I have found these two posts that touch aspects of this question: "unions of $\sigma$-algebras" and this "unions of $\sigma$-algebras".
But I would like to provide a more comprehensive question. So, hopefully other users can benefit from it and any potential erros here can be corrected. This exercise is taken from exercise 1.18 in chapter 1 of "Probability and Stochastics" by Erhan Çinlar.
Exercise
Consider a set $E$ and let $\mathcal{E}_i$ be a $\sigma$-algebra on $E$ for all $i \in I$, where $I$ is an arbitrary index (possibly uncountable). Let $\mathcal{E}_I=\bigvee_{i \in I}\mathcal{E}_i=\sigma\big(\bigcup_{i \in I}\mathcal{E}_i\big)$. And define
\begin{equation} \mathcal{C}=\Bigl\{A \subset E: A=\bigcap_{i \in J} A_i \;\;\; \text{for some $J \subset I$, $J$ finite} \Bigr\} \end{equation} where $J \subset I$ is a finite subset of $I$.
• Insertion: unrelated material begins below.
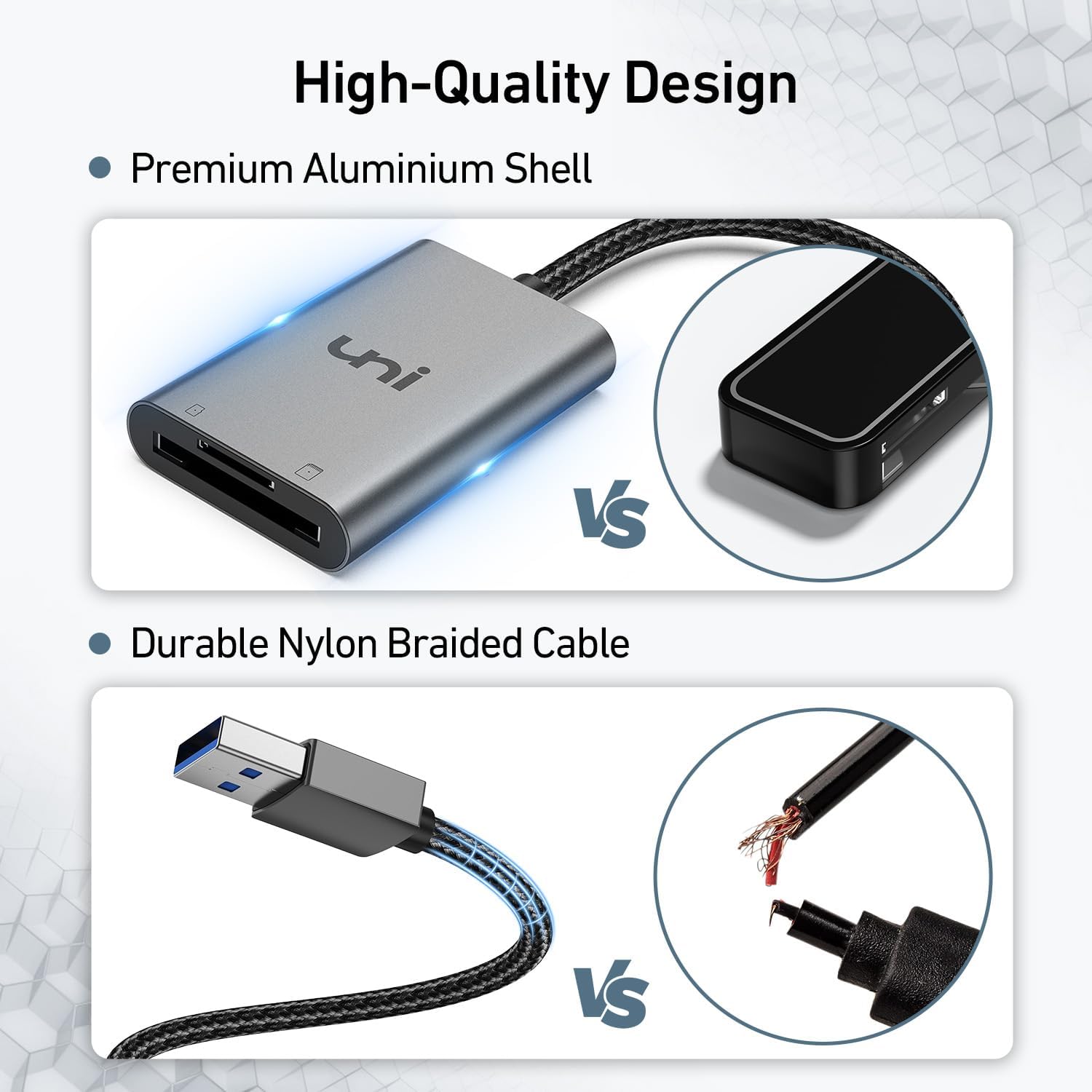 SD Card Reader, High-Speed USB 3.0 to Micro SD Card Adapter for Laptop | PC, Aluminum Computer Memory Card Reader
Show that $\mathcal{E}_i \subset \mathcal{C} \; \forall i \in I$, so that $\bigcup_{i \in I}\mathcal{E}_i \subset \sigma \mathcal{C}$, and show that $\sigma C= \mathcal{E}_I$. Also, show that $\mathcal{C}$ is a $\pi$-system.
My solution
I show the equality by showing both inclusions.
First, let us show that $\mathcal{E}_I \subset \sigma \mathcal{C}$. To this end, consider $A \in \mathcal{E}_{\bar{i}}$ for some $\bar{i} \in I$. Hence, $A=\bigcup_{i \in J}A_i$ with $J=\bigl\{ \bar{i} \bigr\} $, i.e., $A \in C$. This holds for any $A \in \mathcal{E}_i$ and for all $i \in I$. Hence $\mathcal{E}_i \subset \mathcal{C}$ for all $i \in I$. This implies that $\bigcup_{i \in I}\mathcal{E}_i \subset \mathcal{C}$, which in turn implies \begin{equation} \mathcal{E}_I = \bigvee_{i \in I} \mathcal{E}_i = \sigma \bigl( \bigcup_{i \in I} \mathcal{E}_i \bigr) \subset \sigma \mathcal{C} \end{equation}
Let us now show that $\sigma\mathcal{C} \subset \mathcal{E}_I$. Consider $A \in \mathcal{C}$. By definition, there is $J \subset I \;$, $J$ finite, such that $A=\bigcup_{i \in J}A_i$ , with $A_i \in \mathcal{E}_i \subset \mathcal{E}_I \; \forall i \in J$
Then \begin{equation} A_i \in \mathcal{E}_I \; \forall i \in J \implies \bigcup_{i \in J}A_i \in \mathcal{E}_I \end{equation} So, $A \in \mathcal{C} \implies A \in \mathcal{E}_I$ with $A$ arbitrary, hence $\mathcal{C} \subset \mathcal{E}_I$. So, $\mathcal{E}_I$ is a $\sigma$-algebra containing $\mathcal{C}$, which implies that $\mathcal{E}_I$ contains also the smallest $\sigma$-algebra containing $\mathcal{C}$, i.e., $\sigma \mathcal{C} \subset \mathcal{E}_I$.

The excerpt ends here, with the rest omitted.